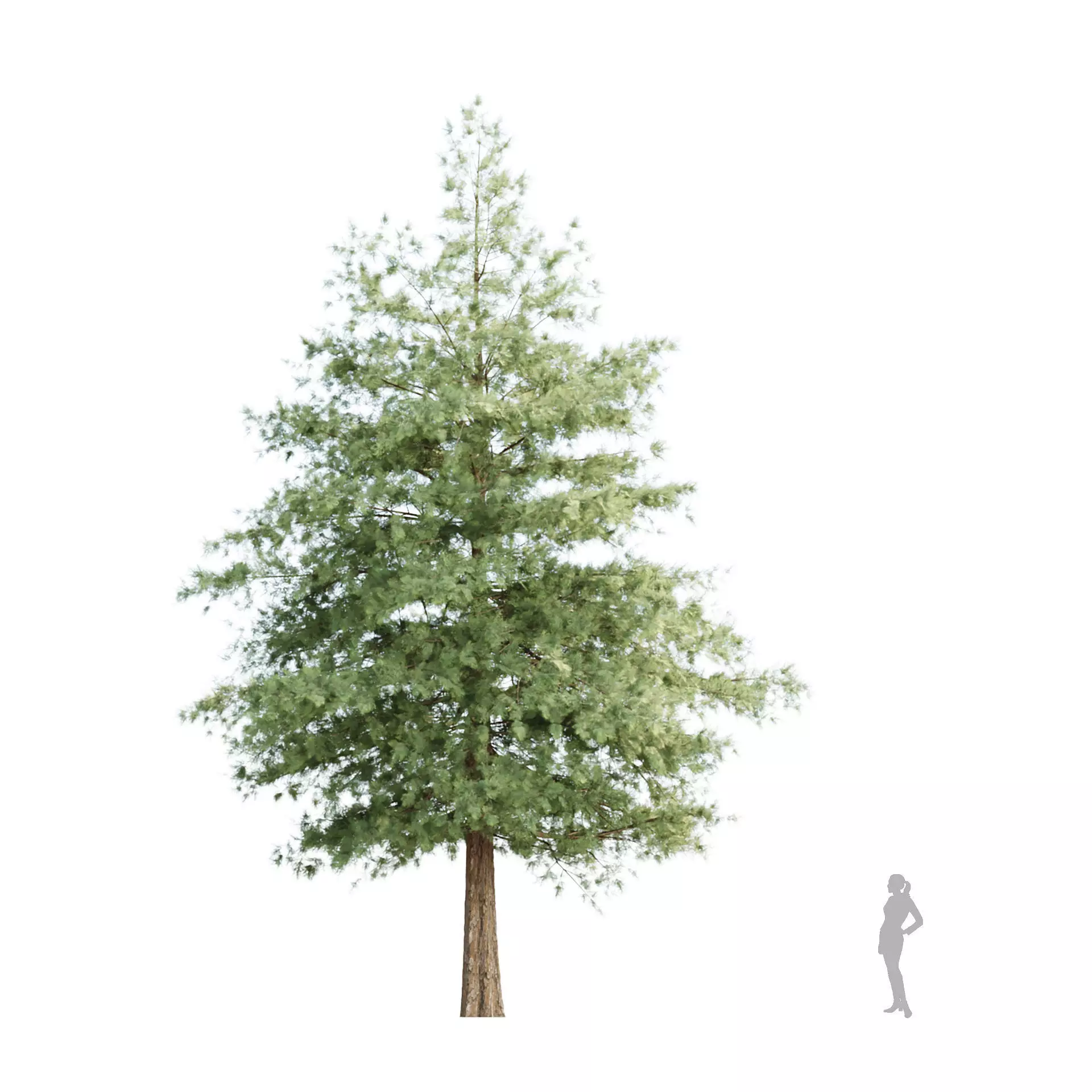 Conifer Trees Collection Vol 346  3D model_3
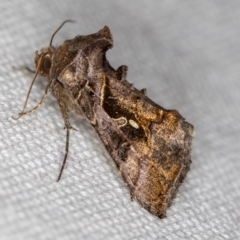 Chrysodeixis eriosoma at Melba, ACT - 20 Feb 2021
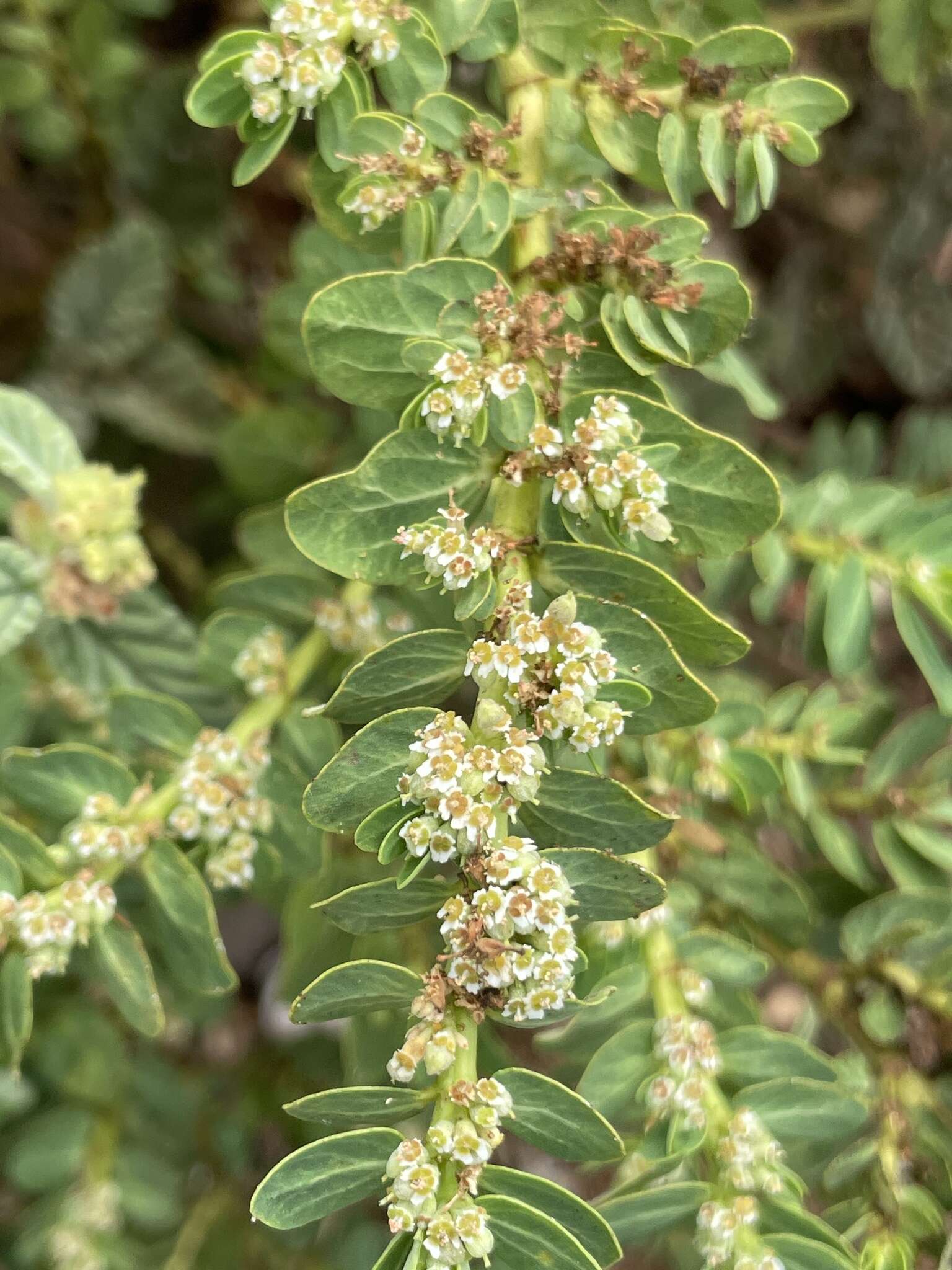 Слика од Euphorbia anthonyi Brandegee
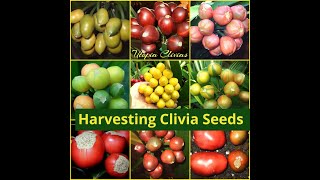 Harvesting Clivia Seeds [upl. by Seumas]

----------------

WHAT IS NEEDED. I'd like the material duplicated exactly, without its pictures.

RESULT BELOW.
 Conifer Trees Collection Vol 346  3D model_3
 Chrysodeixis eriosoma at Melba, ACT - 20 Feb 2021
 Слика од Euphorbia anthonyi Brandegee
 Harvesting Clivia Seeds [upl. by Seumas]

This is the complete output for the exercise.